[Work to be completed]: Without the pictures, print the lines running from the beginning of the material to the line containing "Pool Hot Tub", both ends included.

[Material for this task]:
-- Opening Marker --
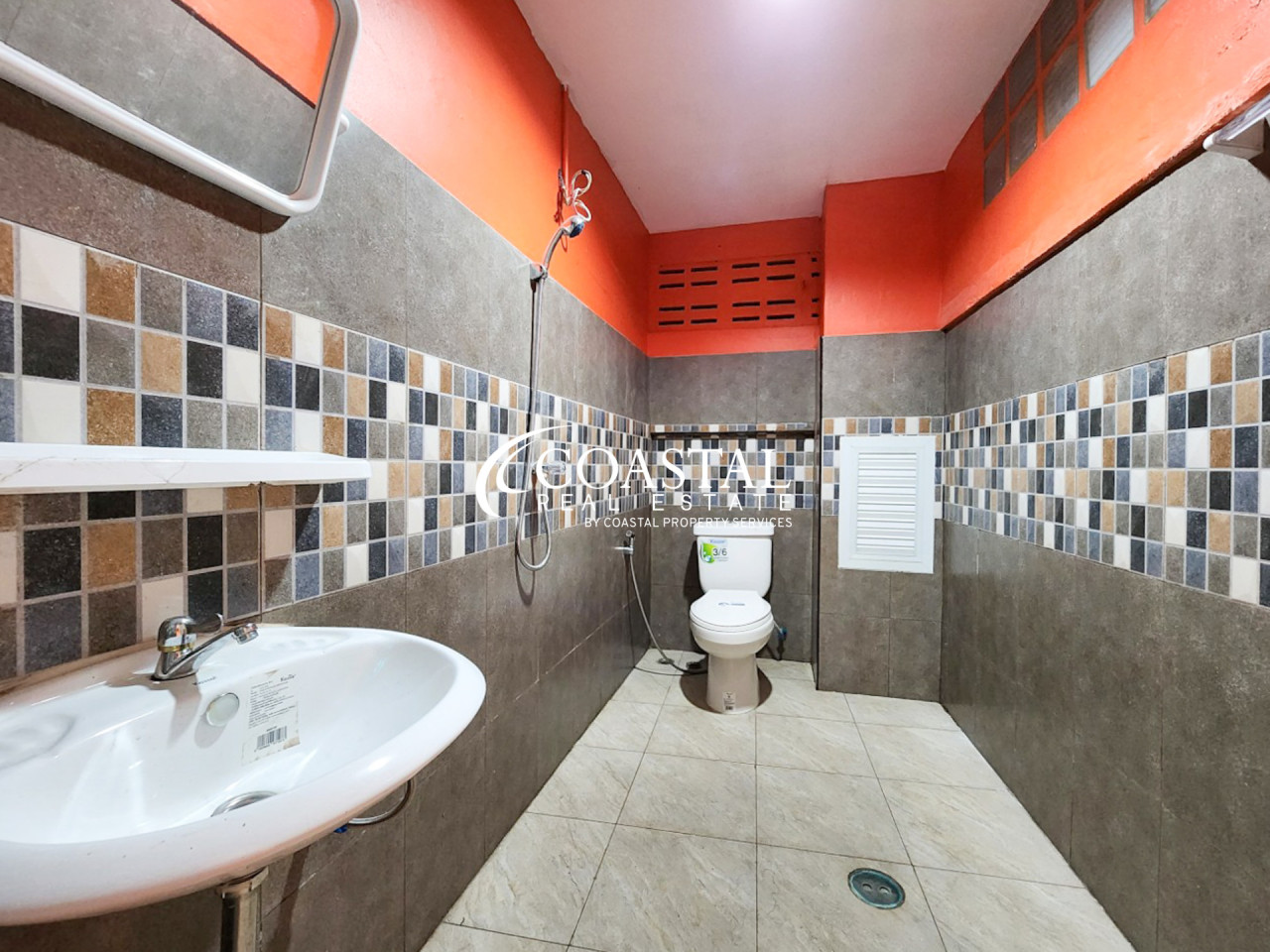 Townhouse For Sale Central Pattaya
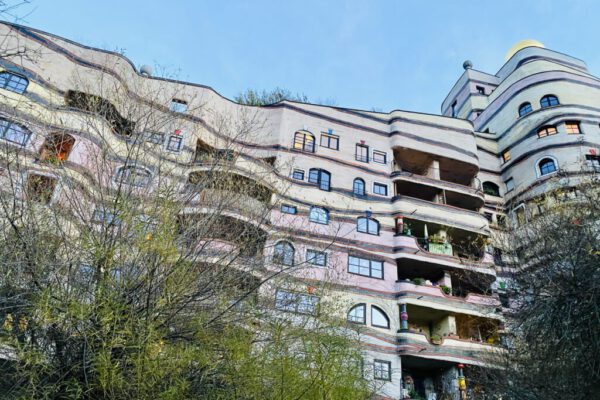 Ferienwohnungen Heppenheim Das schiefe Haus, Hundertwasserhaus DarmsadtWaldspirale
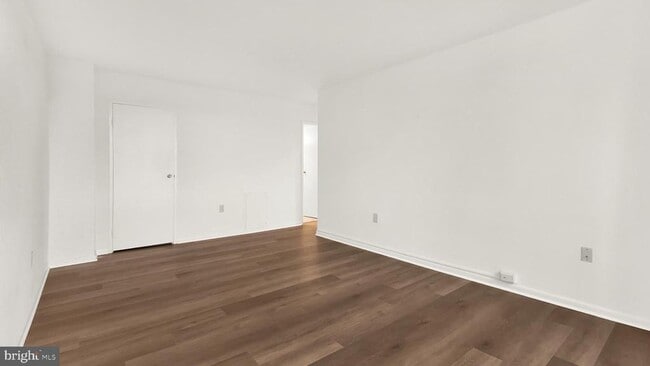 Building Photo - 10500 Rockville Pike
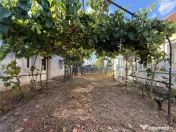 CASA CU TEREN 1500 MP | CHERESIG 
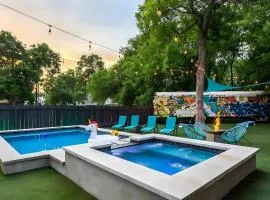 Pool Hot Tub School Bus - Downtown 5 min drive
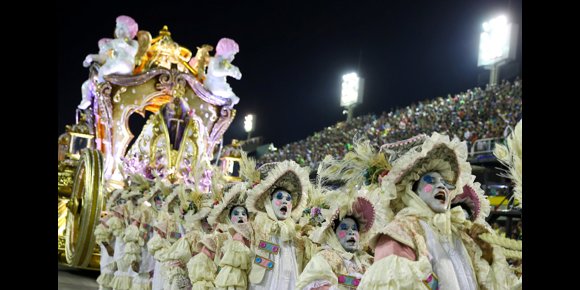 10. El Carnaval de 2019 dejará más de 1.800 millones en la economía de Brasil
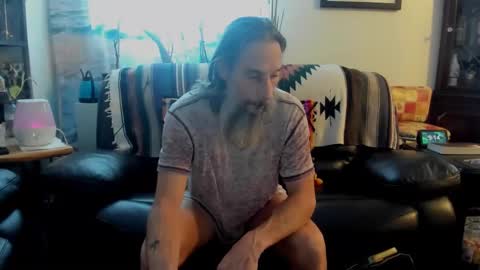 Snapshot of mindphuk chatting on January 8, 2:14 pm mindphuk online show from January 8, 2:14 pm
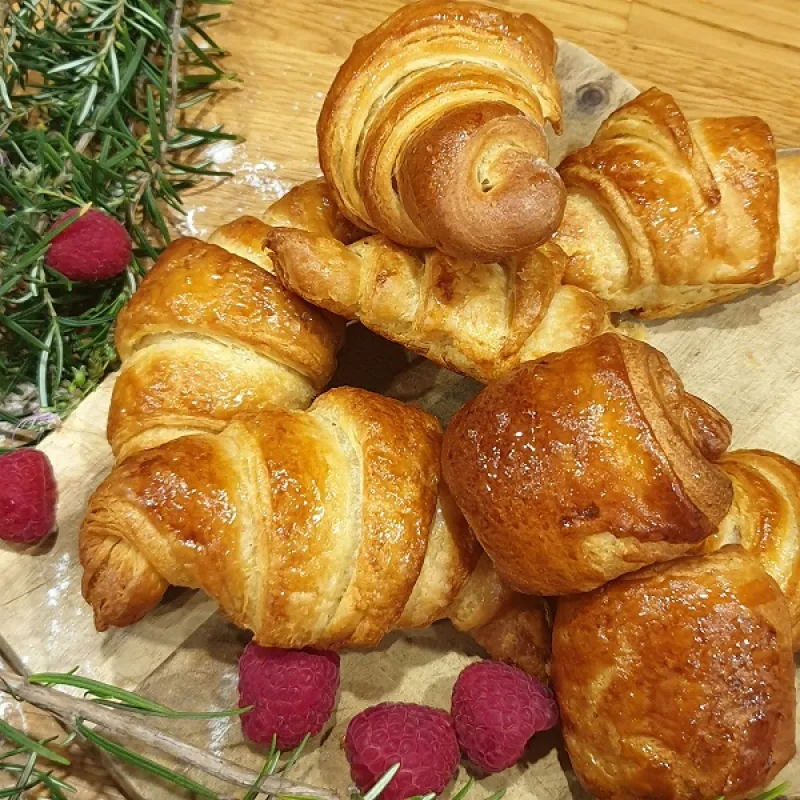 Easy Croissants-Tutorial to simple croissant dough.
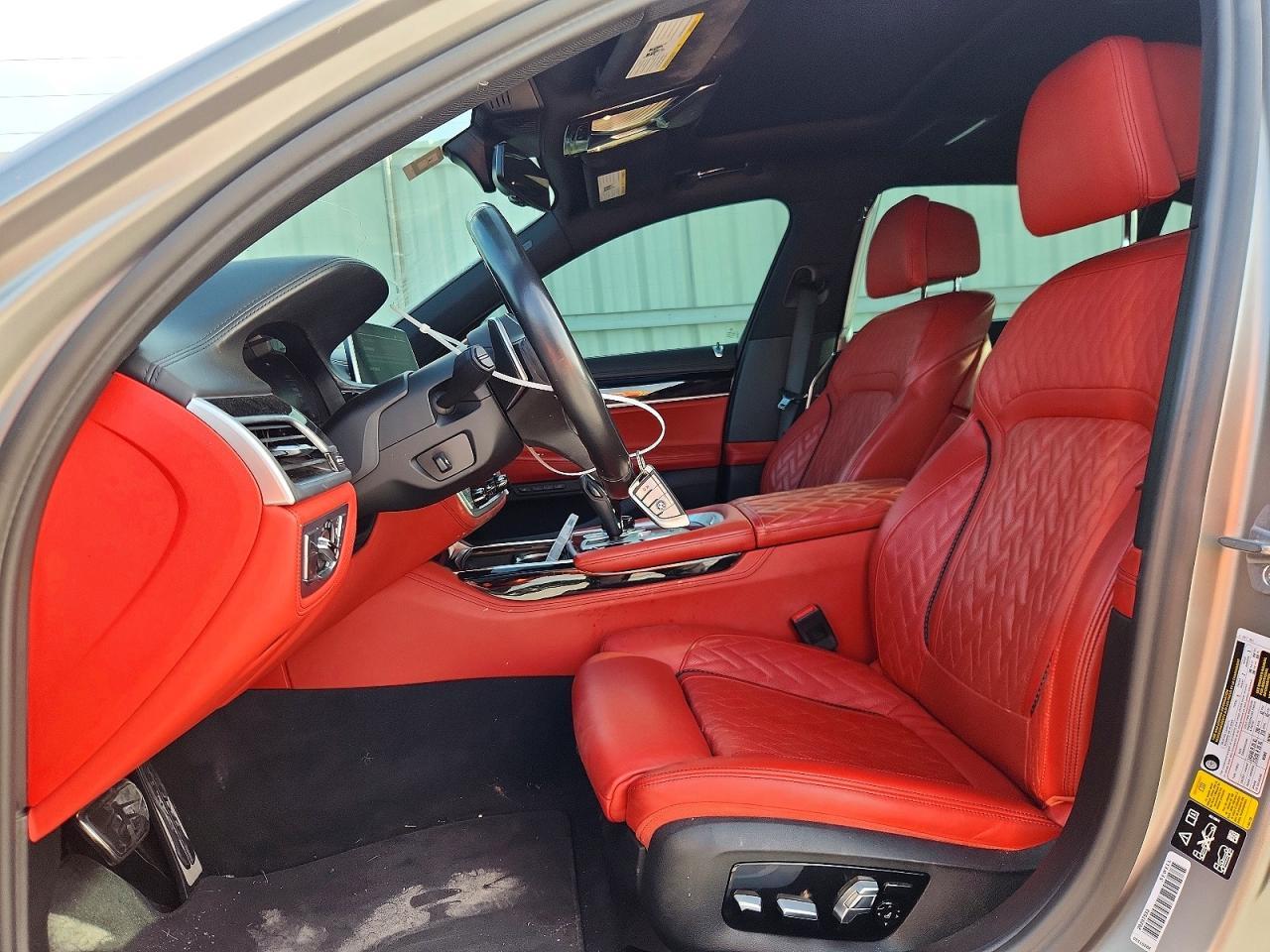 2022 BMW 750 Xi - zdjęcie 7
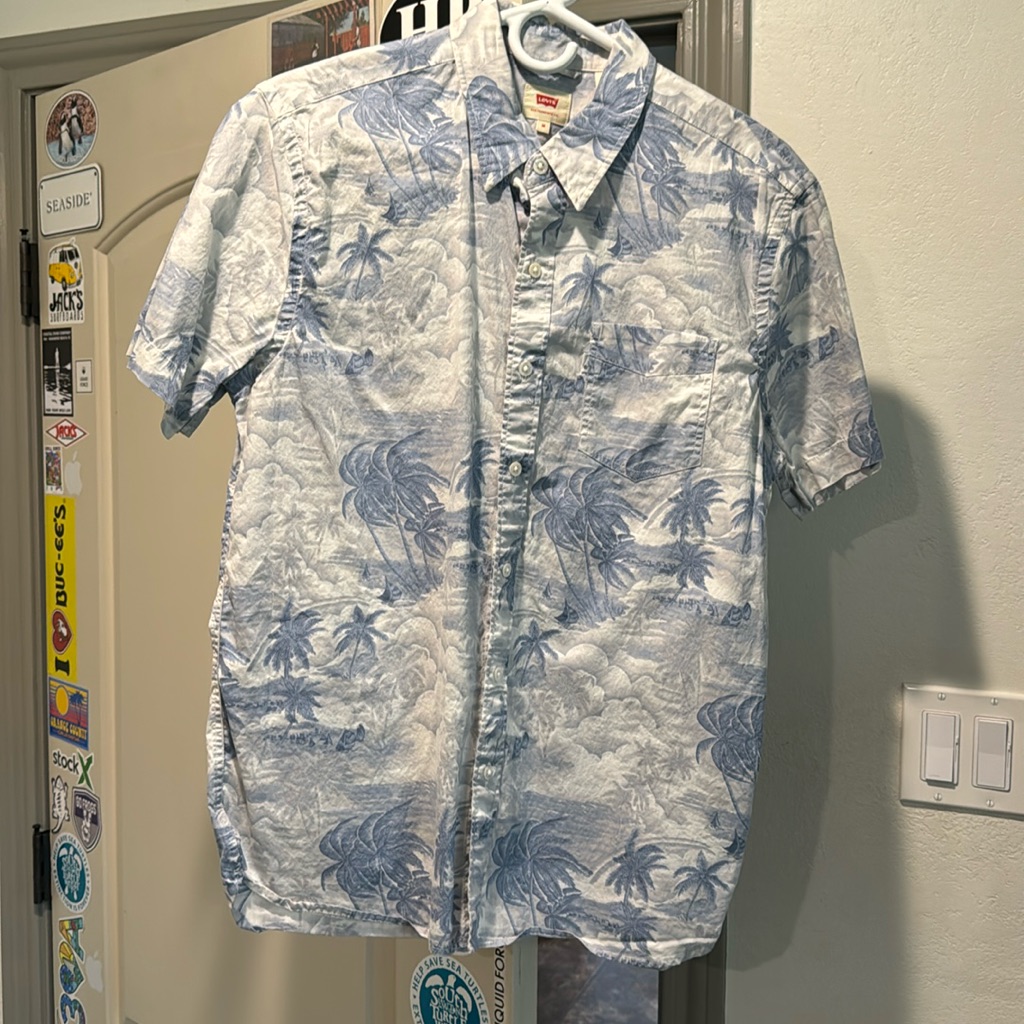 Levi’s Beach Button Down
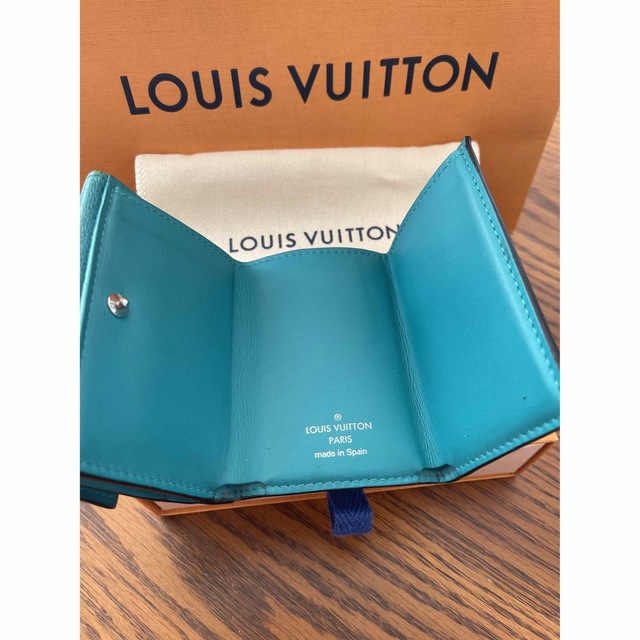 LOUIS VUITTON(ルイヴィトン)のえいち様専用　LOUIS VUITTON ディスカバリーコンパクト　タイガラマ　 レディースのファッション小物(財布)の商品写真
-- Closing Marker --
[Finished task]:
 Townhouse For Sale Central Pattaya
 Ferienwohnungen Heppenheim Das schiefe Haus, Hundertwasserhaus DarmsadtWaldspirale
 Building Photo - 10500 Rockville Pike
 CASA CU TEREN 1500 MP | CHERESIG 
 Pool Hot Tub School Bus - Downtown 5 min drive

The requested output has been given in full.